(THE TASK): Find how many lines in the material below hold the word "flooring". Reply with that figure alone.
Start of SOURCE DATA
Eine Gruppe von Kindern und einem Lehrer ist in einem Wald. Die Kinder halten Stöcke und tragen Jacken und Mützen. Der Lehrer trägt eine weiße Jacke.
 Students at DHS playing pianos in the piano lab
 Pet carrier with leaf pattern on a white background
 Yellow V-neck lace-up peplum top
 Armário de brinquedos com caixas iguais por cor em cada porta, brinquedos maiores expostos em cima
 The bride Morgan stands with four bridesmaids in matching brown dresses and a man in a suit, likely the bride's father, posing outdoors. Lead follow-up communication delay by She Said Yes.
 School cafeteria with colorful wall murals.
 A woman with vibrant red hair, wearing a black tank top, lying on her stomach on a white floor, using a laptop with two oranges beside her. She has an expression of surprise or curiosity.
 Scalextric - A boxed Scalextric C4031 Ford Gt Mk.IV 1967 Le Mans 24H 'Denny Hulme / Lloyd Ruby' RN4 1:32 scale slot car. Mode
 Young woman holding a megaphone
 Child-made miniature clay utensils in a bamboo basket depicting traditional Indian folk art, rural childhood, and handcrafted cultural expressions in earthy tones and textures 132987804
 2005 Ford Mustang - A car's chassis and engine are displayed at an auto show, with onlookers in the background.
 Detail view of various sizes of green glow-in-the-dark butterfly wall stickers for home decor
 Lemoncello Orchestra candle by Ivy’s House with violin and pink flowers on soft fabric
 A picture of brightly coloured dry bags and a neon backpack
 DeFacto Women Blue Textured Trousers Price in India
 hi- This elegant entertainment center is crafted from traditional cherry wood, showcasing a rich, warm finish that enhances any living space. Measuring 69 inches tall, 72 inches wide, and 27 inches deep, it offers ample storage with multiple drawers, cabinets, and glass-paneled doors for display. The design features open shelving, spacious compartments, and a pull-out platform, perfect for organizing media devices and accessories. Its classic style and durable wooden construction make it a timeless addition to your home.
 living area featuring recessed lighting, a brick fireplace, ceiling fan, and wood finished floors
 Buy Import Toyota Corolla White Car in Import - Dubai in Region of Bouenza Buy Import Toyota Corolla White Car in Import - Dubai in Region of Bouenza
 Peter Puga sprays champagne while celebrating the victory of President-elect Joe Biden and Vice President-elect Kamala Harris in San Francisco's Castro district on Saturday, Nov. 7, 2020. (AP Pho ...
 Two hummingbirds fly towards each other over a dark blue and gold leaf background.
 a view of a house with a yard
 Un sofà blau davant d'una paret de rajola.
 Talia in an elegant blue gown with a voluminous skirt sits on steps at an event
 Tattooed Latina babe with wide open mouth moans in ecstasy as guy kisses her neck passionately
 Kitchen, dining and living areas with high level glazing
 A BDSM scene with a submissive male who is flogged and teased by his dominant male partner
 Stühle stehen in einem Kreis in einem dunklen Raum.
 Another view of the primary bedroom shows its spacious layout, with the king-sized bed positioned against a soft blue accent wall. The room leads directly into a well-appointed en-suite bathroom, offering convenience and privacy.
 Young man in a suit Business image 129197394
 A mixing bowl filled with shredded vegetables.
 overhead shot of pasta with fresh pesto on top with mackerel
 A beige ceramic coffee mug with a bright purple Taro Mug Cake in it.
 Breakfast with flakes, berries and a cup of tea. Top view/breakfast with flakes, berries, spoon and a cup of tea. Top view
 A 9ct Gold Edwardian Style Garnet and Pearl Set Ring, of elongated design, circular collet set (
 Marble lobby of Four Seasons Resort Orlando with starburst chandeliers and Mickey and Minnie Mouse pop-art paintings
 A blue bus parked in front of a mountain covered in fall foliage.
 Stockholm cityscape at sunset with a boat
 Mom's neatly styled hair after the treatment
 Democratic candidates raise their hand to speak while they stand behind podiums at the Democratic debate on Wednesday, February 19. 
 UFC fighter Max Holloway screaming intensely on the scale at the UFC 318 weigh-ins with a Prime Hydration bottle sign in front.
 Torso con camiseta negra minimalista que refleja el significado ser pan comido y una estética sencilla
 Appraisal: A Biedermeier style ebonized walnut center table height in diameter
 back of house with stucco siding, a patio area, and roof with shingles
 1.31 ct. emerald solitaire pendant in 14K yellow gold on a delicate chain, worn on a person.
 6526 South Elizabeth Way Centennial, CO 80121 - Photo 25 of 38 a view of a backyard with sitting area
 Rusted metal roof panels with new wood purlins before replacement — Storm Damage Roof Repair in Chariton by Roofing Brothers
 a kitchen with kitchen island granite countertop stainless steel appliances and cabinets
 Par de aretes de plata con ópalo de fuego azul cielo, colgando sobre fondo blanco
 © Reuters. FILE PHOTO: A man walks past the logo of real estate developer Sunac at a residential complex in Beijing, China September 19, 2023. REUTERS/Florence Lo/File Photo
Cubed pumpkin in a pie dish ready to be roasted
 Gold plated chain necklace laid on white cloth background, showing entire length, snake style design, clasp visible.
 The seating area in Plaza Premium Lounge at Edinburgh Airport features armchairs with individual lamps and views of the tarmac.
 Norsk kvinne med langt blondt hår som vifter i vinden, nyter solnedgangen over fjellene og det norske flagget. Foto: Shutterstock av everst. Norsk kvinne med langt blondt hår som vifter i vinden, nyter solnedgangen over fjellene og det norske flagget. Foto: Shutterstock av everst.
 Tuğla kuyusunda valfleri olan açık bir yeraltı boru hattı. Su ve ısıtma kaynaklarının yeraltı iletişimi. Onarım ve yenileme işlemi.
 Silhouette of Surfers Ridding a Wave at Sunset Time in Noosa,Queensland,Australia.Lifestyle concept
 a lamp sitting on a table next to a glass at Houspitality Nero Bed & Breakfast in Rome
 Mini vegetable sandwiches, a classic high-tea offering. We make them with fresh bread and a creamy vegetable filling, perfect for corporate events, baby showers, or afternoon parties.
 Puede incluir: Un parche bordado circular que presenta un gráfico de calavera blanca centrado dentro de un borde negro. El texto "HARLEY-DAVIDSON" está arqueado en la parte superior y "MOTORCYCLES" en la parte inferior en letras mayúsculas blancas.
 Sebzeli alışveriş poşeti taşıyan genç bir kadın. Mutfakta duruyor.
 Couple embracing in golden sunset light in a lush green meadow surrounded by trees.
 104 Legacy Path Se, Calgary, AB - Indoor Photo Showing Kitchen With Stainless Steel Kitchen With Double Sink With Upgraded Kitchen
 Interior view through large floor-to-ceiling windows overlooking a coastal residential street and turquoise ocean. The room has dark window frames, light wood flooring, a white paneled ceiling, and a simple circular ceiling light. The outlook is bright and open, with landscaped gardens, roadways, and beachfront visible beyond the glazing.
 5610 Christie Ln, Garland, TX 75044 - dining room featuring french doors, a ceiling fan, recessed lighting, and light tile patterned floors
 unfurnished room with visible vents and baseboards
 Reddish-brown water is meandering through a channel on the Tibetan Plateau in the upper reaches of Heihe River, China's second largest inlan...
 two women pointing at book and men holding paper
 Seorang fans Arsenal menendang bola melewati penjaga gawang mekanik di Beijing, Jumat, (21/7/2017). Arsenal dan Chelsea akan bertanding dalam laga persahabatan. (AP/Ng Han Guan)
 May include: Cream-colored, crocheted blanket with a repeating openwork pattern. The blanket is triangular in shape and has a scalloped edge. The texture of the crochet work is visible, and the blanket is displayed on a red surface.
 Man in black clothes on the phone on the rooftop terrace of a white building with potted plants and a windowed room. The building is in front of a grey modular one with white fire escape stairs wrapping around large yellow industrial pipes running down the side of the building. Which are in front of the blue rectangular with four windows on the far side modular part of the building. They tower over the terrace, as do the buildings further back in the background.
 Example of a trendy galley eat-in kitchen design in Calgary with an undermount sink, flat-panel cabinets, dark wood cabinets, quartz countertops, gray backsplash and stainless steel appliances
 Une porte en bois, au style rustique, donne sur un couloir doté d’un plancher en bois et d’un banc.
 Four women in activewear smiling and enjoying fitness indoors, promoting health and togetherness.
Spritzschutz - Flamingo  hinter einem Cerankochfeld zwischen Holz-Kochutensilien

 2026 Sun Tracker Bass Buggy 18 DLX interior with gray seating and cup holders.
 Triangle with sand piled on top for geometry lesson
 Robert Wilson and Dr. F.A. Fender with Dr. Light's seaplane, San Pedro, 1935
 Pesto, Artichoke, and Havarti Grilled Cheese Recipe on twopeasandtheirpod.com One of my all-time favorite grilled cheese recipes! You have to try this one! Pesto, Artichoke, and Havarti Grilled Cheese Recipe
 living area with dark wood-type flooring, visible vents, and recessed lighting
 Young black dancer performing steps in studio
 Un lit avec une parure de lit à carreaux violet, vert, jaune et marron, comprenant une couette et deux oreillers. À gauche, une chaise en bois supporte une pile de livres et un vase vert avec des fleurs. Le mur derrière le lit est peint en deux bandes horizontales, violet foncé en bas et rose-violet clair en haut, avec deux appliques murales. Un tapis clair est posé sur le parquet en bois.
End of SOURCE DATA
(TASK RESPONSE): 2